REPUBLIKA.CO.ID, JAKARTA -- Penangkapan anggota Majelis Ulama Indonesia (MUI) Pusat oleh Tim Datasemen Khusus (Densus) 88 Antiteror yang disebut diduga terkait tindakan pidana terorisme telah mengejutkan berbagai pihak. Nama MUI pun terseret akibat kasus tersebut dan di media sosial muncul tagar untuk membubarkan MUI. Bersamaan dengan itu, muncul pula tagar mendukung MUI.
Menanggapi wacana pembubaran MUI itu, Sekretaris Umum Pimpinan Pusat Muhammadiyah, Abdul Mu'ti, mengatakan eksistensi MUI masih sangat diperlukan. Pasalnya, MUI dapat menjadi wadah dan forum silaturrahim para ulama dari ormas Islam yang berbeda-beda.
Walaupun tidak mengikat, kata dia, fatwa MUI juga bermanfaat dalam memandu umat dalam masalah-masalah aktual dan masalah keagamaan lainnya.
"Adanya anggota MUI yang diduga menjadi bagian dari organisasi teroris, tidak bisa menjadi alasan untuk membubarkan MUI," kata Mu'ti melalui pesan elektronik kepada Republika, Rabu (17/11).
Meski demikian, Mu'ti menyarankan bahwa MUI perlu lebih selektif dalam menyusun anggota-anggotanya. Menurutnya, MUI perlu melakukan penelitian sebelum menetapkan seseorang sebagai pengurus.
"Tidak perlu ada screening," tambahnya.
Sebelumnya, Kepala Bagian Penerangan Umum Divisi Humas Kepolisian Indonesia, Komisaris Besar Polisi Ahmad Ramadhan, mengungkapkan, tiga terduga teroris yang ditangkap di Bekasi memiliki peran sebagai pengurus dan Dewan Syuro Jamaah Islamiyah. Tiga terduga teroris yang ditangkap Tim Detasemen Khusus 88 Antiteror Polri, yakni berinisial AA, AZ dan FAO.

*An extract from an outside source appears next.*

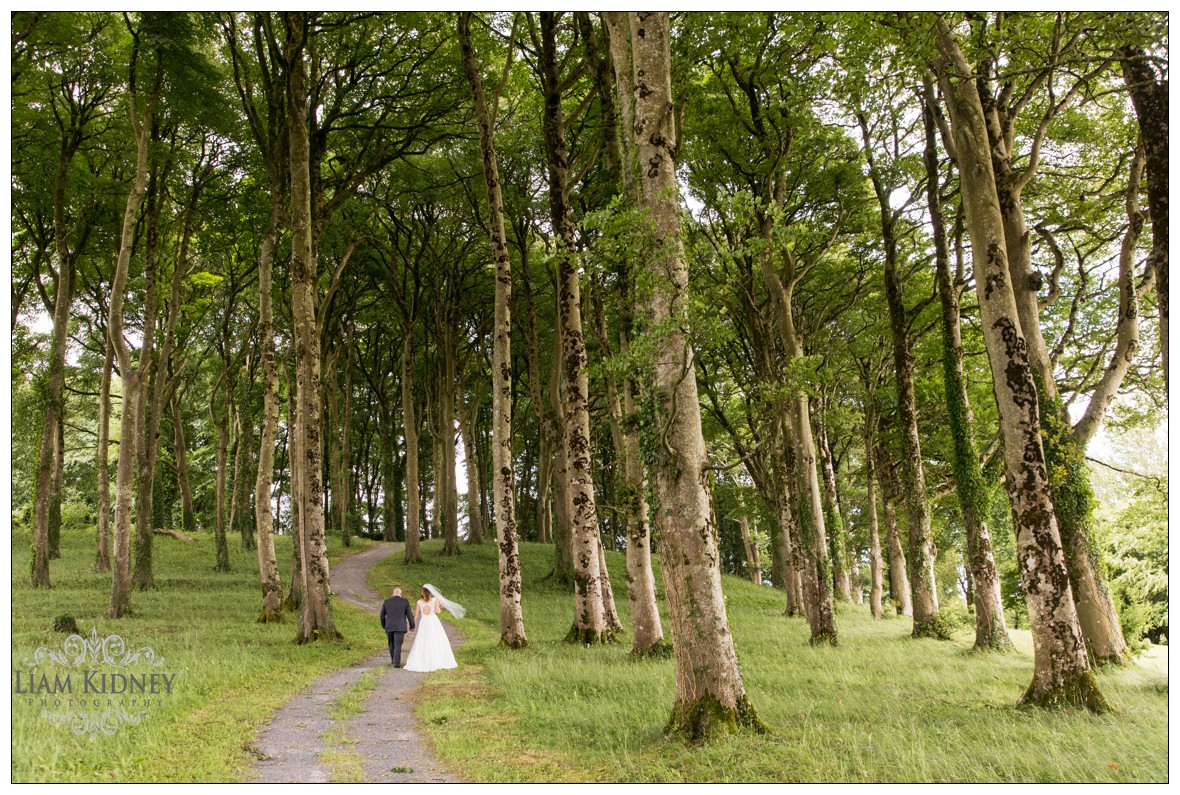 Kasia And Stan walking in the forrest at Glasson Country House Hotel Wedding, Athlone, Co. Westmeath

Ketiga terduga teroris kelompok JI ditangkap di Bekasi, Jawa Barat, Selasa pagi. Dimulai dari AZ ditangkap pukul 04.39 WIB, berlokasi di Jalan Merbabu Raya, Perumahan Pondok Melati, Bekasi. Kedua, FAO ditangkap pukul 04.43 WIB di Jalan Yanatera, Kelurahan Jatimelati, Bekasi. Kemudian yang ketiga, AA ditangkap pukul 05.49 WIB berlokasi di Jalan Raya Legok Blok Masjid, Jatimelati, Bekasi. Berdasarkan data yang diperoleh, terduga AZ merujuk pada Ahmad Zain An-Nazah, AA merujuk pada Anung Al Hamad, sedangkan FAO merujuk pada Farid Ahmad Okbah. Ustadz Ahmad Zain diketahui merupakan anggota Komisi Fatwa MUI Pusat.